(Task objective):
Take the lines from the beginning of the data below through the line holding "Hotzelda webcam" and return exactly those.

:: Material provided

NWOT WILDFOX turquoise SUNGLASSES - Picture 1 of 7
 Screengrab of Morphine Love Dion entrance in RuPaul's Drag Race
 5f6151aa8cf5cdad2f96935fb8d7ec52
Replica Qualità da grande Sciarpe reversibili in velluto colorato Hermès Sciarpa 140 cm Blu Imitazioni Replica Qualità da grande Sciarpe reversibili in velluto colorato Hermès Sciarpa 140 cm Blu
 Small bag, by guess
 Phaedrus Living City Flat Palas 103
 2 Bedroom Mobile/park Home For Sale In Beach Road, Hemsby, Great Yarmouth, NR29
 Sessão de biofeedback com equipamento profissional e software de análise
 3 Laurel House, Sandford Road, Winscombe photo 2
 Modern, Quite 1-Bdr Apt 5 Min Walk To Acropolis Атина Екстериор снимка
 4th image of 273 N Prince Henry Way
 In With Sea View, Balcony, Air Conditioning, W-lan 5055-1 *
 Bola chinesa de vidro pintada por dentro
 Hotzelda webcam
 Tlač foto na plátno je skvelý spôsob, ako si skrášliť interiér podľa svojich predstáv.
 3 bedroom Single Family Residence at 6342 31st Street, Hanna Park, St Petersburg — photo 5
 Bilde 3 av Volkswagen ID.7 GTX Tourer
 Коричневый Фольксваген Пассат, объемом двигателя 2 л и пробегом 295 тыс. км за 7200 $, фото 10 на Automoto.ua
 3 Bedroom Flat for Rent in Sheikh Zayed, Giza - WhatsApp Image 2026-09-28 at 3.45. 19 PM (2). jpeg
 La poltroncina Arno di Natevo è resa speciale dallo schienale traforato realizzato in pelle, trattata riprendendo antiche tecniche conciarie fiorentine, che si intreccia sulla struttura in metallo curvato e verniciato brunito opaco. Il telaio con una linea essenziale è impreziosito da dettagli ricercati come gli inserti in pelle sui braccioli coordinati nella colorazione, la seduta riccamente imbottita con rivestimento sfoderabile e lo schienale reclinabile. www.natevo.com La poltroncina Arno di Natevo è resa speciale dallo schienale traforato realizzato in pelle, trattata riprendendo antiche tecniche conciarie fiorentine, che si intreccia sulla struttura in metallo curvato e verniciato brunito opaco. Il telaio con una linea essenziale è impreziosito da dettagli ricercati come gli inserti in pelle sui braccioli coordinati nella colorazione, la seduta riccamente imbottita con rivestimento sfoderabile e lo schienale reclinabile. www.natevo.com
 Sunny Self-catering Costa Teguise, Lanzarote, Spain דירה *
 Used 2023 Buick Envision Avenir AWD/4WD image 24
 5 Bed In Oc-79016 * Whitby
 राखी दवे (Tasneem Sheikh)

::::

(Solution to this task):
NWOT WILDFOX turquoise SUNGLASSES - Picture 1 of 7
 Screengrab of Morphine Love Dion entrance in RuPaul's Drag Race
 5f6151aa8cf5cdad2f96935fb8d7ec52
Replica Qualità da grande Sciarpe reversibili in velluto colorato Hermès Sciarpa 140 cm Blu Imitazioni Replica Qualità da grande Sciarpe reversibili in velluto colorato Hermès Sciarpa 140 cm Blu
 Small bag, by guess
 Phaedrus Living City Flat Palas 103
 2 Bedroom Mobile/park Home For Sale In Beach Road, Hemsby, Great Yarmouth, NR29
 Sessão de biofeedback com equipamento profissional e software de análise
 3 Laurel House, Sandford Road, Winscombe photo 2
 Modern, Quite 1-Bdr Apt 5 Min Walk To Acropolis Атина Екстериор снимка
 4th image of 273 N Prince Henry Way
 In With Sea View, Balcony, Air Conditioning, W-lan 5055-1 *
 Bola chinesa de vidro pintada por dentro
 Hotzelda webcam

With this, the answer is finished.